A software developer asked me a simple question: "What do energy trading companies do?" A simple question deserves a (relatively) simple answer, so that's what I've tried to do below.
For the moment, let's ignore energy trading companies where trading is the primary profit centre and instead focus on a trading company that operates physical power generation assets. For example, a power plant that turns natural gas into electricity. Let's look at how that company's trading group is organised into several task-oriented and market-oriented teams.
Operations and Physicals team
- Schedules the operation of power generation.
- Organises the receipt of the energy source, in this case natural gas.
- Schedules the delivery of spot power to customers. "Spot" in this context means short-term trading, usually done via day-ahead auctions.
- This team relies on forward price curves and volatility surfaces to calculate the sensitivity of physical assets to changes in forward prices of gas and power.
Structured Products team
- Builds, markets, and trades non-standard OTC products for gas and power.
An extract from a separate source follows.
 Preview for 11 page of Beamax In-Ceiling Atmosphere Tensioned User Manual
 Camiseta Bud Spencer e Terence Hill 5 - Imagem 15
- This team relies on forward price curves and volatility surfaces to measure the sensitivity of open positions to changes in the forward prices of gas and power.
Exchange-Traded Products team
- Trades in forward markets for gas and power, in order to delta-hedge exposures to gas and power across the entire company.
Forward Curve Analysis team
- Each day this team builds new forward price curves and implied volatility surfaces for gas and power.
- These data structures are used by the above-mentioned teams to price and hedge their assets and instruments.
- This is the team in which I worked at Barclays Capital a few years back.
The above is clearly very simplistic, and just a starting point for a dive into the complex details.